Embracing Every Identity

Embracing Every Identity
Cathleen Daly

Adoption is not the most important fact about me, but it has been one of the most impactful aspects of my identity journey. 

I was adopted from Zhejiang Province, China at 18 months old by my amazing family – my mom, older brother, two older sisters, and little sister – in New Mexico! 

Growing up, as a Chinese adoptee in my hometown of Rio Rancho, New Mexico meant I was pretty much the only Chinese adoptee in my community. I didn’t feel that I fit in anywhere because I looked different than everyone around me including my own family, and I despised it at the time. That mixed with being extremely shy as a kid made me want so badly to just blend in with the crowd and not do anything to draw attention to myself. It also made me want to have nothing to do with my cultural heritage. 

However, as I entered my teenage years, for the first time my heart actually began to open up to learning more about where I came from. I got curious, and that curiosity led me to discovering Adopteen. My mom had told me about it growing up, but due to my lack of interest in learning about my past, my lack of pursuing the organization any further also waned.  

But in summer 2012, I was finally ready to open that door.
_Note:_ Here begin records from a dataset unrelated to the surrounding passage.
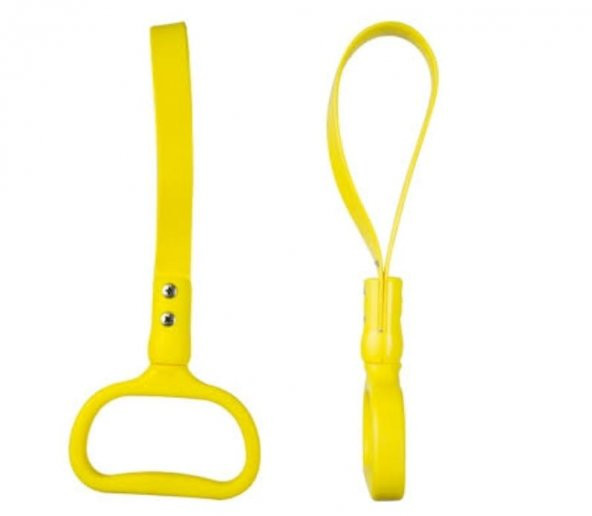 TOFAŞ DOĞAN OTOBÜS MİNİBÜS SERVİS DOLMUŞ 360 DÖNERLİ EL TUTAMAĞI - 2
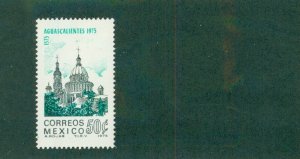 Mexico 1140 MNH BIN$ 0.75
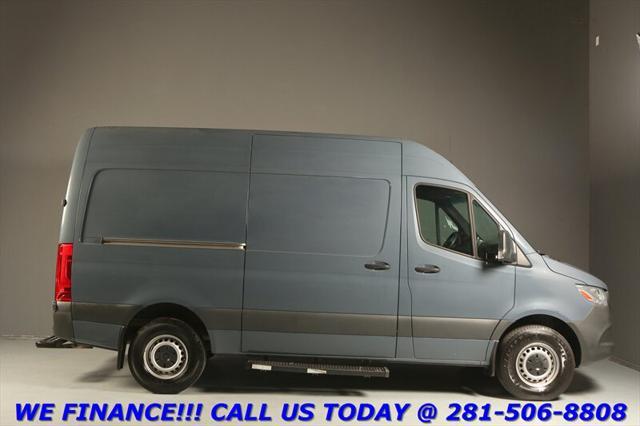 used 2019 Mercedes-Benz Sprinter 3500 car, priced at $22,995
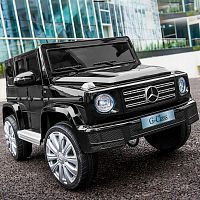 Фото анонса JJ2077 EBLRS-2 MERCEDES от интернет магазина Raspashonka.ua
I found out Adopteen was hosting a Camp-Conference in Atlanta, Georgia. The night before registration closed, I, very much on a whim, filled out my registration and bought my plane ticket to Hotlanta! 

I arrived at my first Adopteen event that summer of 2012 with really no idea what I was getting myself into, and I quickly realized it was everything I needed and more. The energy was so open and positive. It was a community where I did feel that I fit in and where I didn’t feel like I had to explain, not even once, the complicated reasons of “Why I am adopted” or “Why I didn’t look like my family.”
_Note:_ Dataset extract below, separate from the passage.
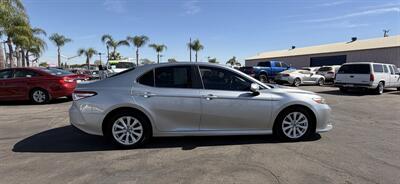 2019 Toyota Camry LE - Photo 15 - Bakersfield, CA 93305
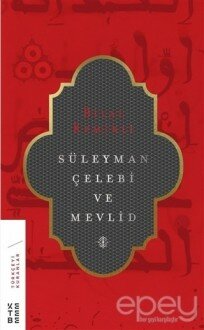 Süleyman Çelebi ve Mevlid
Along with the experience, surprisingly a new challenge that I had never been faced with before in understanding my identity emerged; suddenly, I didn’t stand out anymore solely because of how I looked or because I was an international adoptee. I was so used to standing out that fitting in almost felt more foreign to me. However, there was something so special about this community; there was so much acceptance and embracement of everyone’s individual personalities, strengths, and stories that I knew that these were my people…and it didn’t matter what we looked like, it just mattered who we were as people and the connections we made with each other. 
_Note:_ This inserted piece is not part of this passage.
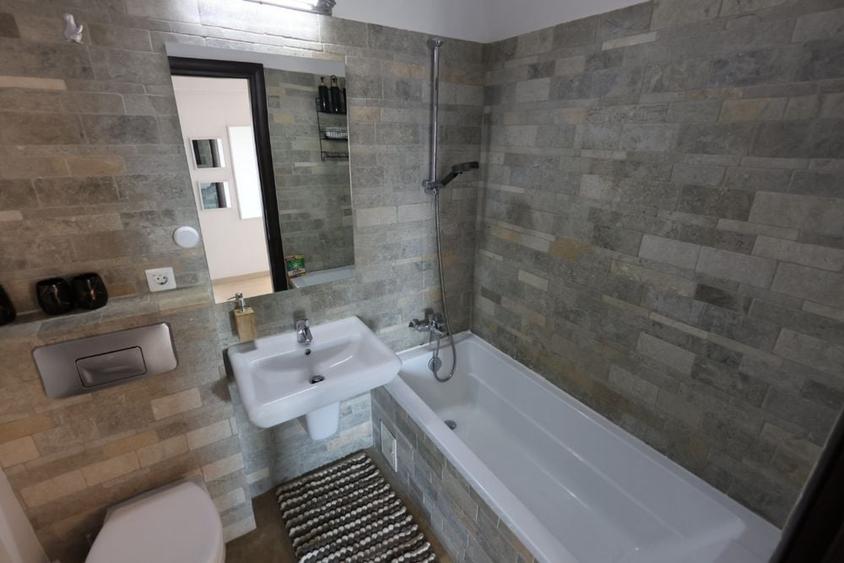 Inchiriere apartament 2 camere | Mihai Bravu | Parcare subterana - 2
So, I got involved. I attended every Adopteen Camp, Midpoint, Adoptees Giving Back Service Trip, and Committee I could throughout the rest of my high school experience.

In being immersed in this community, I learned how to develop and celebrate my identity beyond just my adoption. I grew in my faith, my relationships, my interests, and later on my professional career. I learned that my identity story was more than just my adoption story.

Now, as an adult adoptee attending programming like Beyond Adopteen and staying connected with the community has been instrumental in building my confidence as both an adoptee and as a person. The community, regardless of the age group and the seasons I am able to be involved in, remains the same: acceptance and celebration are at the core of everyone’s unique story and it has taught me to embrace others in the same way. Today, I am proud to embrace every identity that makes me, me (and all of the future identities I have yet to discover too): A daughter, a sister, a girlfriend, a friend, a cat mom, a young professional, a creative type, and yes of course, a Chinese adoptee who now honors her past and all of the curiosities that come with it.